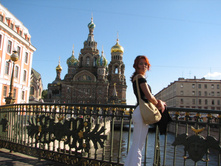 30.07.2007 15:38:32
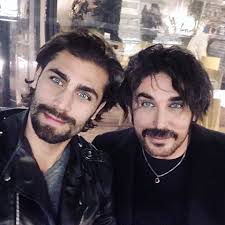 Ha avuto un periodo di grande celebrità soprattutto durante gli anni ottanta, in particolare fra un pubblico giovane. Shalpy Vs Scialpi Shalpy Giovanni Scialpi Facebook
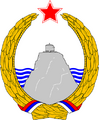 SR Montenegro coa.png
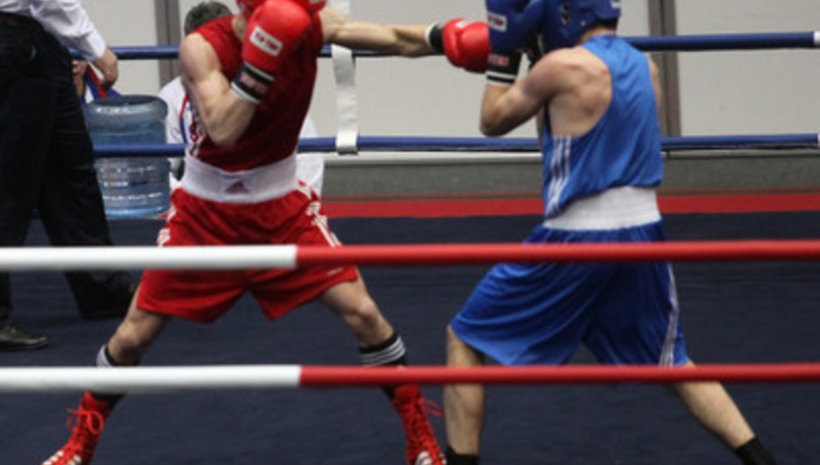 България завършва с 9 медала - 4 златни, 1 сребърен и 4 бронзови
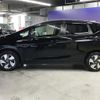honda fit-hybrid 2013 CFJ1563148 image 9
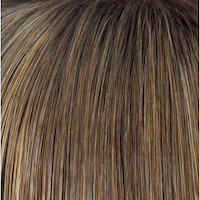 Load image into Gallery viewer, Seville Wig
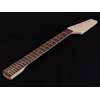 ESN21R-C Boston  contemporary neck, made in EU, ST style, maple/rosewood, half paddle, 9,5" radius, 6105 fretwire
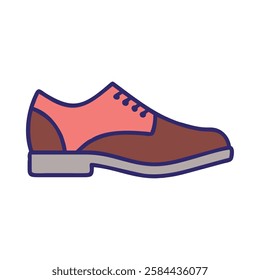 classic shoe icon timeless handcrafted footwear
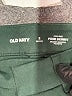 Old Navy Green Active Pants Size 2 Petite - photo 7
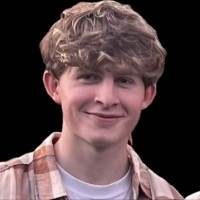 Sawyer Mitchell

◆ ◆ ◆ ◆ ◆ ◆ ◆

* EXERCISE
Starting at the line that contains "България завършва с", write out every line through the end of the entries, both ends included, without any pictures.

* OUTPUT BELOW
 България завършва с 9 медала - 4 златни, 1 сребърен и 4 бронзови
honda fit-hybrid 2013 CFJ1563148 image 9
 Load image into Gallery viewer, Seville Wig
 ESN21R-C Boston  contemporary neck, made in EU, ST style, maple/rosewood, half paddle, 9,5" radius, 6105 fretwire
 classic shoe icon timeless handcrafted footwear
 Old Navy Green Active Pants Size 2 Petite - photo 7
 Sawyer Mitchell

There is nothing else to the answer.